▶ _WORK TO COMPLETE_
Whichever lines include the word "Shoulder", copy them as they appear in the data.
___ DATASET ENTRIES ___
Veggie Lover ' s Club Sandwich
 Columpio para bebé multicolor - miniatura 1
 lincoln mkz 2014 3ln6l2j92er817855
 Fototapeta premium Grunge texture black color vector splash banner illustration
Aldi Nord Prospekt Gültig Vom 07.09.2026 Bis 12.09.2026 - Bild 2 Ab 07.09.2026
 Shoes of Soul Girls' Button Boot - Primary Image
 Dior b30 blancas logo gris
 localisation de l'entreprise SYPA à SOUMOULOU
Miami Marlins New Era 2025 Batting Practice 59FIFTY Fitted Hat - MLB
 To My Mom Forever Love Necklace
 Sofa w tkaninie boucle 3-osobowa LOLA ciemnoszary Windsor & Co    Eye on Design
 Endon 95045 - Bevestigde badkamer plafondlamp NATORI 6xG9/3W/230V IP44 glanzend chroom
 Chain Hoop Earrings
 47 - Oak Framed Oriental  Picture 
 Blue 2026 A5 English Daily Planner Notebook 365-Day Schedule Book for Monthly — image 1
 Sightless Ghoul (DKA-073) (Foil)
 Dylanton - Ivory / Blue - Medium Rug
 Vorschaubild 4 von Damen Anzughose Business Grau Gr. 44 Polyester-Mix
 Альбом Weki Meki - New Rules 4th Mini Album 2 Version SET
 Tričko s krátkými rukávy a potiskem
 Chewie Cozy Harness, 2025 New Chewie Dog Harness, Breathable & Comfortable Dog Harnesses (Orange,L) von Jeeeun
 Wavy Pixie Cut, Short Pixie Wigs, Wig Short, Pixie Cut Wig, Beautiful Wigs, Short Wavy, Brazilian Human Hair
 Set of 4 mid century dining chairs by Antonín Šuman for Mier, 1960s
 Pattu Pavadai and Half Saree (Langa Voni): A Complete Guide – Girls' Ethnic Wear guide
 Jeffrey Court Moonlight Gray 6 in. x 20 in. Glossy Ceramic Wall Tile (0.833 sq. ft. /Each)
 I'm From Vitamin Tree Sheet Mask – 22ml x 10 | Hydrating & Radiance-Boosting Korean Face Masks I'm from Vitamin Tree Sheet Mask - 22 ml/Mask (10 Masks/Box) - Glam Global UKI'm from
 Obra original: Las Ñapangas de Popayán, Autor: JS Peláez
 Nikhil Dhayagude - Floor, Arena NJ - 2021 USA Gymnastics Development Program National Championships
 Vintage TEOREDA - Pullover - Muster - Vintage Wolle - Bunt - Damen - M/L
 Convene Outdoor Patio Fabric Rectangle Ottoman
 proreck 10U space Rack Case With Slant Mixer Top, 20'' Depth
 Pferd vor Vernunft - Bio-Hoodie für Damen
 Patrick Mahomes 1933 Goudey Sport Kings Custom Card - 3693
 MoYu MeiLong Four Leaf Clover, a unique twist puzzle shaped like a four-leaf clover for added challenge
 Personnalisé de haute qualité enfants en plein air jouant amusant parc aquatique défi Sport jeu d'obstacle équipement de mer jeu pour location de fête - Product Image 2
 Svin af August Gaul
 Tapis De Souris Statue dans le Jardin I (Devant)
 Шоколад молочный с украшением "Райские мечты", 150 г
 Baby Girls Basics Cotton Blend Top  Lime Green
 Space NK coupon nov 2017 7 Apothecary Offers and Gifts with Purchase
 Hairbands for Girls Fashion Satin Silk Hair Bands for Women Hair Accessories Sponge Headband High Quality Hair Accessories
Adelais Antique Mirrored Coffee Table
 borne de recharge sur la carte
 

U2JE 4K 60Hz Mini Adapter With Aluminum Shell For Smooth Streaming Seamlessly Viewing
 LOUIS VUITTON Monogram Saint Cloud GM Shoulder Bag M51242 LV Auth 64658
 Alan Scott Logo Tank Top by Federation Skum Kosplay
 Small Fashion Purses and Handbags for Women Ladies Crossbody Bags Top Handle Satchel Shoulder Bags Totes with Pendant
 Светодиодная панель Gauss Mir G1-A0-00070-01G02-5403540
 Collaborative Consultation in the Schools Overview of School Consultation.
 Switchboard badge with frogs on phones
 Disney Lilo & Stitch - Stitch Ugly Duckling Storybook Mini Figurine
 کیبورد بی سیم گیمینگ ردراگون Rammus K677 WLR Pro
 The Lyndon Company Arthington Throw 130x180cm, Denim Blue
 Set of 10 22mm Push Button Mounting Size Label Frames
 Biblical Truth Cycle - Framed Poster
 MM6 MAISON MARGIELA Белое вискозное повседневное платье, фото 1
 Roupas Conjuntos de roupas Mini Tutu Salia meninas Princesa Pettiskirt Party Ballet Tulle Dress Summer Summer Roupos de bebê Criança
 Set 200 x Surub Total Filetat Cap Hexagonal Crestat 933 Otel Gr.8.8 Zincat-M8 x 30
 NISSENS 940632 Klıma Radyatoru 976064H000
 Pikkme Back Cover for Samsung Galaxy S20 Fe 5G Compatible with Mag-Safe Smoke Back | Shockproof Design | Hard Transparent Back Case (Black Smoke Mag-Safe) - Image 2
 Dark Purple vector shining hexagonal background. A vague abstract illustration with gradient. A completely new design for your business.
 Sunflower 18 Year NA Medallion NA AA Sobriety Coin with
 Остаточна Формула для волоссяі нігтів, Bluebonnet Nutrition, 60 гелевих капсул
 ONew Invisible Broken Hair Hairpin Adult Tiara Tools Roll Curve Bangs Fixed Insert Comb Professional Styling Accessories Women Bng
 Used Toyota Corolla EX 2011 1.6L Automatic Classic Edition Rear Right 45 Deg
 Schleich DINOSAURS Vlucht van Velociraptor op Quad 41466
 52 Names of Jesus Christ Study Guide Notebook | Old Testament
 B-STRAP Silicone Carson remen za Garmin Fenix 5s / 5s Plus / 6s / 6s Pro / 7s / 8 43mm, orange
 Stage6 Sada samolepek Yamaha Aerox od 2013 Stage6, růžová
___
▶ _TASK RESPONSE_
 LOUIS VUITTON Monogram Saint Cloud GM Shoulder Bag M51242 LV Auth 64658
 Small Fashion Purses and Handbags for Women Ladies Crossbody Bags Top Handle Satchel Shoulder Bags Totes with Pendant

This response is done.